▶ Exercise requirements
When you write out the listing, keep every word as it stands and drop the pictures.

[[ Information given, beginning ]]

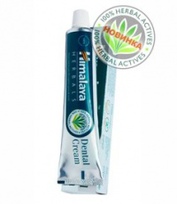 Зубная паста 100 гр.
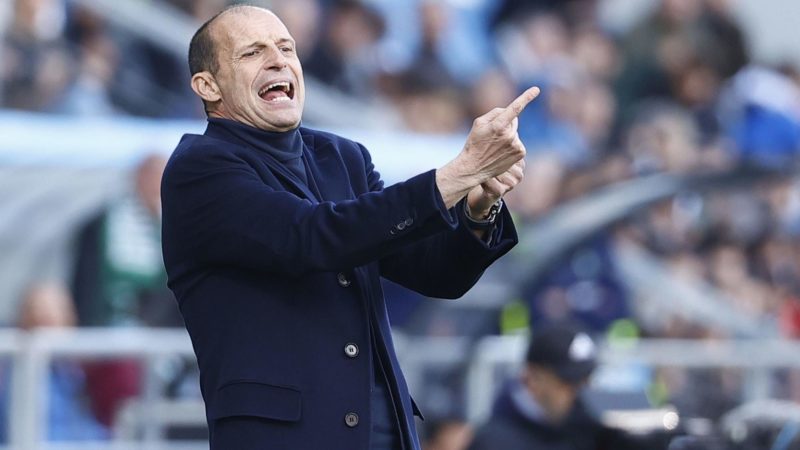 La decisione definitiva sulla sanzione di 15 punti alla Juventus verrà presa giovedì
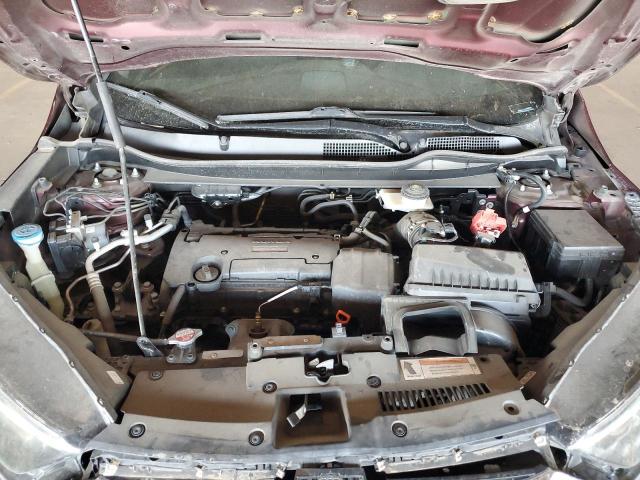 2017 HONDA CR-V LX - 7FARW5H3XHE012059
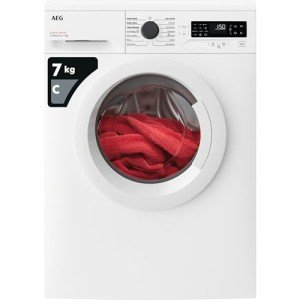 AEG 5000 Series 7kg Washing Machine, White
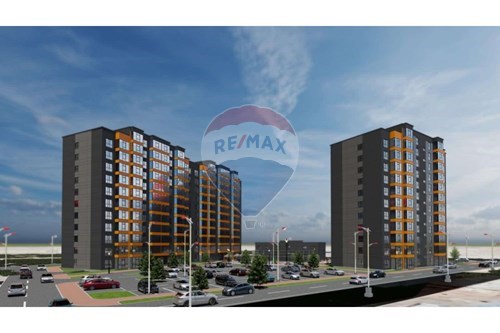 Худалдах-Орон сууц-Dako  apartment  - Хан-Уул, Монгол-119071020-69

[[ Information given, end ]]

▶ Output of the task
 Зубная паста 100 гр.
 La decisione definitiva sulla sanzione di 15 punti alla Juventus verrà presa giovedì
 2017 HONDA CR-V LX - 7FARW5H3XHE012059
 AEG 5000 Series 7kg Washing Machine, White
 Худалдах-Орон сууц-Dako  apartment  - Хан-Уул, Монгол-119071020-69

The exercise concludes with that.